#### INPUT RECORDS:
○ ○ ○ ○ ○ ○ ○

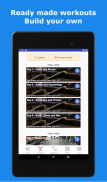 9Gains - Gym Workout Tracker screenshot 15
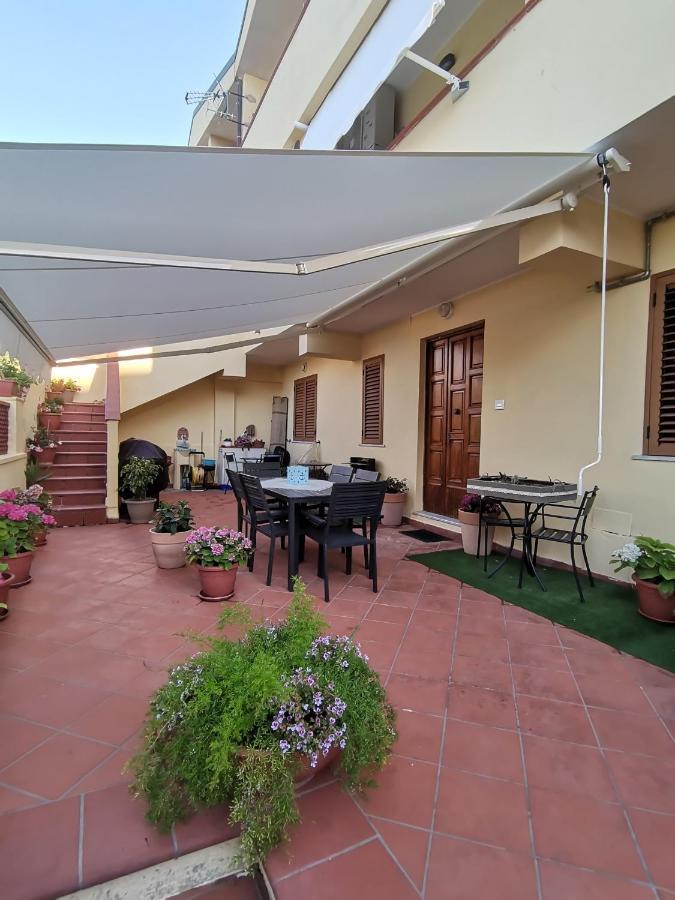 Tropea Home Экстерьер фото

○ ○ ○ ○ ○ ○ ○

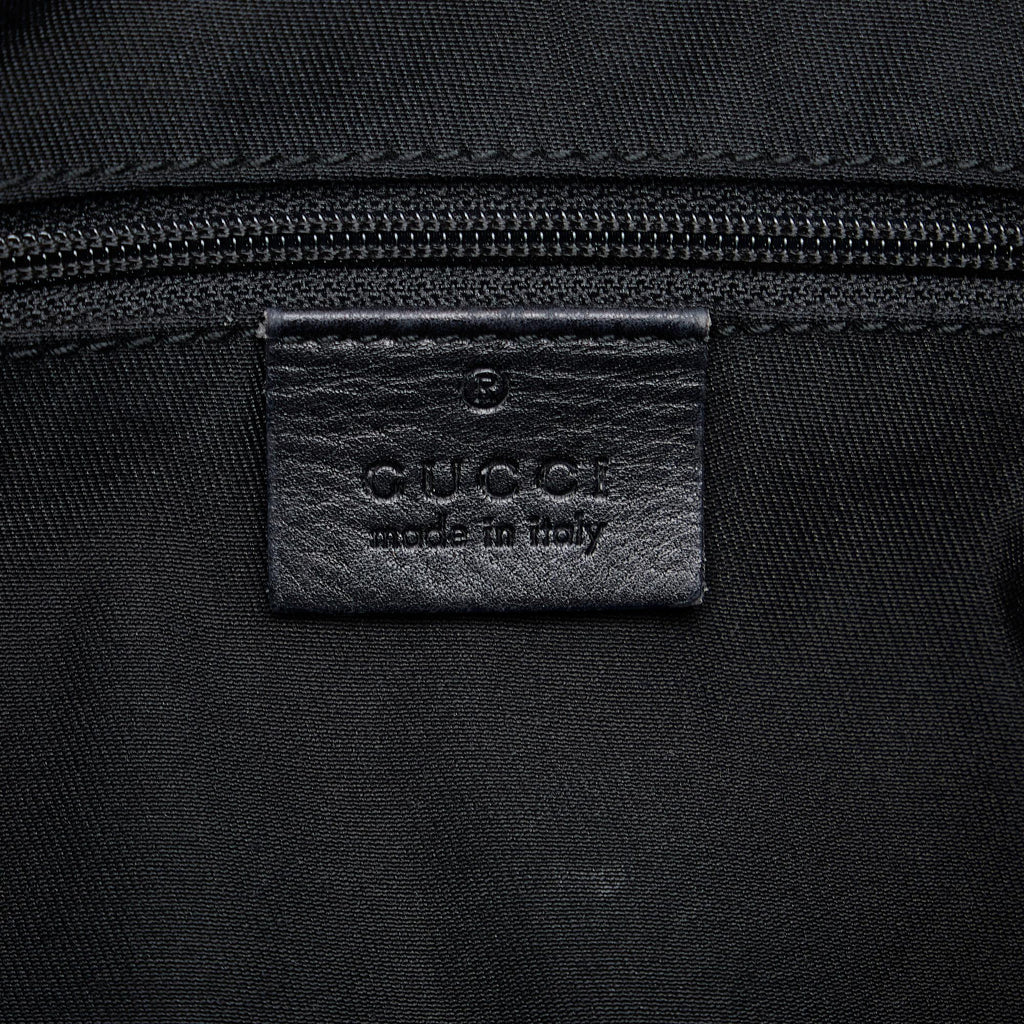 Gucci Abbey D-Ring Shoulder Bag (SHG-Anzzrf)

○ ○ ○ ○ ○ ○ ○

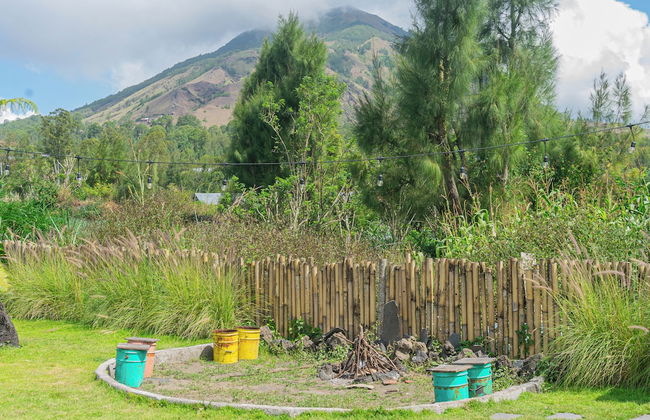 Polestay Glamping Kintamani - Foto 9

○ ○ ○ ○ ○ ○ ○

Restate word for word the lines of the data above that begin at the line with "9Gains - Gym Workout Tracker screenshot 15" and end at the line with "Tropea Home Экстерьер фото", keeping both ends and dropping every picture.

 9Gains - Gym Workout Tracker screenshot 15
 Tropea Home Экстерьер фото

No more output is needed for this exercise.